Figure 1 Performance measures accuracy, AUC, type I error and type II error in dependence of the percentage of missing values.

One can see a significant drop of AUC and an increase of the type I error (false positive classification) when a threshold of 40% missing values is surpassed. Type II errors (false negative classification) and accuracies are only slightly affected. The same pattern occurs, if missing values are generated only for the 4 variables with the highest Gini rank. Figure 2 shows the dependence of the accuracy on the sample size. The relationship turns out to be linear.

Figure 2

Figure 2 Learning curve for the random forest model.

2.5 Testing transferability

The transferability of the random forest model was analyzed in three steps.

1. Champagne and Hohenlohe data sets were analyzed separately.

2. Training and test data were interchanged, e.g. Hohenlohe data were used to train the random forest and Champagne data were predicted.

3. Champagne and Hohenlohe data were merged and used as training data set. Test data sets were taken from Champagne and Hohenlohe data, from Champagne data only and from Hohenlohe data only respectively.

3 Results and discussion

3.1 Variable importance

To assess the importance of prediction variables analyses with both datasets (Hohenlohe and Champagne) separately and in combination a random splitting of training and test data, with a ratio of 75% and 25% respectively was used. Statistics of performance measures were generated by 50 simulation runs respectively.

To assess the importance of the soil variables an analysis with the Hohenlohe dataset (with and without soil information) was performed with random splitting of training and test data, with a ratio of 75% and 25% respectively.

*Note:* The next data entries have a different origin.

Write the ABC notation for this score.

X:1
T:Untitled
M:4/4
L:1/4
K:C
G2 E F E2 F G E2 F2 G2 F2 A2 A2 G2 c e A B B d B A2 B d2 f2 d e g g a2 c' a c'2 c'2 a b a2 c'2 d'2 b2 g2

Performance measures based on 50 runs showed only slight differences between the median values. However, the variance of the accuracy obtained with soil information is lower than the accuracy obtained without soil information. Since no soil information was available for the Champagne data set and it was shown in the Hohenlohe data set that the soil did not have major influence, no soil features were considered further.

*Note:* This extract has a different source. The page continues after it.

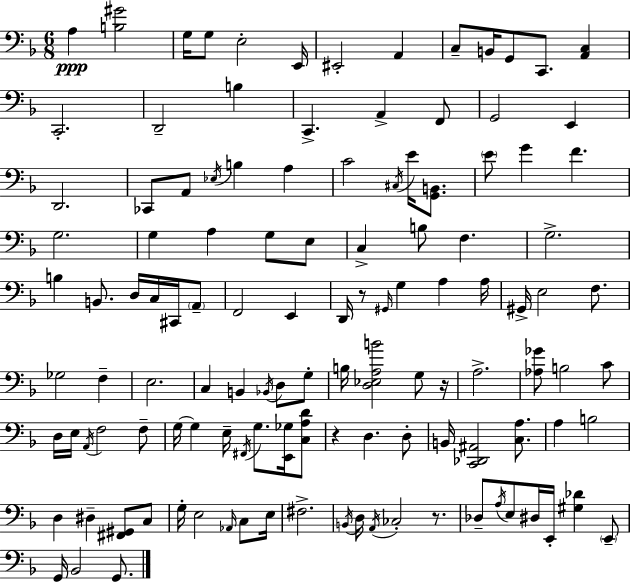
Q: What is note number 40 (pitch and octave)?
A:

Table 2 show the frequencies of prediction variables falling into the group of the six highest ranked importance measures in 50 random forest runs with randomly split training and test data sets for the Hohenlohe data (a), the Champagne data (b), and the combined data set (c). Table 2 shows the frequencies of prediction variables obtained by this data set falling into the group of the six highest ranked importance measures. E.g., the variable management diversity is in all runs among the six highest ranked, whereas the variable Summer crops appears only once. The variables with the highest importance in the Hohenlohe data set are management diversity, ploughing, products group 2 (HRAC group 2), late seeding and no. of active ingredients used during the 6 years.

Table 2

Table 2 Frequency of prediction variables under the six highest ranked after 50 runs for the Hohenlohe data (A), Champagne data (B) and combined Champagne and Hohenlohe data (C).

3.2 Feature elimination

In a second step, the performance of RF was investigated under omission of variables. The sequence of variable reduction was guided by the Gini importance. Figure 3 shows the selection of the variables for the Hohenlohe data set. The dashed lines mark groups of variables, that were omitted subsequently. For each reduction 50 runs of the random forest model were performed with fixed training and test data sets. Reduction 1 means that the last group with lowest Gini importance was omitted, reduction 2 means that additionally group 2 was omitted, etc. The curves represent the mean values for the performance indices accuracy, AUC, type I and type II error. In addition, the standard deviations are also shown. Up to reduction 2, the results remain stable. If more variables are omitted, the results become more and more unstable with increasing standard deviations. For the Champagne data set (Figure 3B) the same pattern occurs. The analysis of the combined data set shows, that the performance of the random forest model is increased, when only variables with high Gini Index values are used (Figure 3C).

Figure 3

Figure 3 Simulation results of Random Forest performance measures under omission of variables. The left column shows the Gini importance measures for the Hohenlohe (A), Champagne (B) and the combined data set (C) respectively. The dashed lines mark groups of variables which were omitted. The right column shows the corresponding measures accuracy, AUC, type I and type II errors. The colors on the left side of the figure correspond to the colors on the right hand side. Legends of performance measure as in Figure 1.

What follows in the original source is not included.